Un recuerdo personal de gratos tiempos
Acaban de demoler la casa de Junín 130. Una valla cierra ahora el baldío, donde en cualquier momento se erigirá un edificio. Espero que el lector perdone el tono personal de las líneas que siguen.
La casa databa de comienzos del siglo XX y tenía su historia. Era una de las propiedades urbanas de la familia Salvatierra Frías. En la sucesión de su madre, doña Elvira Salvatierra, le tocó al doctor Ernesto Padilla, hijo del gobernador de ese nombre. Luego fue adquirida por don Luis Colombres Garmendia, hijo de doña Genuaria Salvatierra. Residió allí con su señora, doña Josefina Rougés, y sus nueve hijos, hasta su muerte, en 1972. Me detengo allí.
No era un palacio, sino simplemente una buena, sólida y elegante casa de su tiempo: habitaciones grandes amobladas con distinción, techos altos, amplios patios con galerías. Estudié los últimos años de la carrera de abogado con Luis e Ignacio Colombres Garmendia, dueños de casa, y Pedro León Cornet, de noche. Lo hacíamos en la sala cuyo balcón daba a la calle. Contábamos con una buena mesa, cercana a los sillones, esa permanente tentación para dormir. La gran chimenea se encendía en invierno. Desde lo alto, nos miraban venerables retratos de antepasados.
No tengo espacio para describir lo bien que la pasábamos en Junín 130, ni la calidez de la hospitalidad de sus dueños.
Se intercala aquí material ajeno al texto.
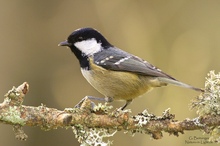 Tannenmeise (Periparus ater, veraltet Parus ater)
Pero esos años quedaron prendidos a las entretelas de mi corazón. Todos tenemos una cartografía personal de la ciudad que habitamos: en ella están marcados a fuego los lugares de los júbilos y los de las tristezas. En el mapa que me corresponde, Junín 130 figura como punto de máxima felicidad. Por eso me dolió pasar por el baldío.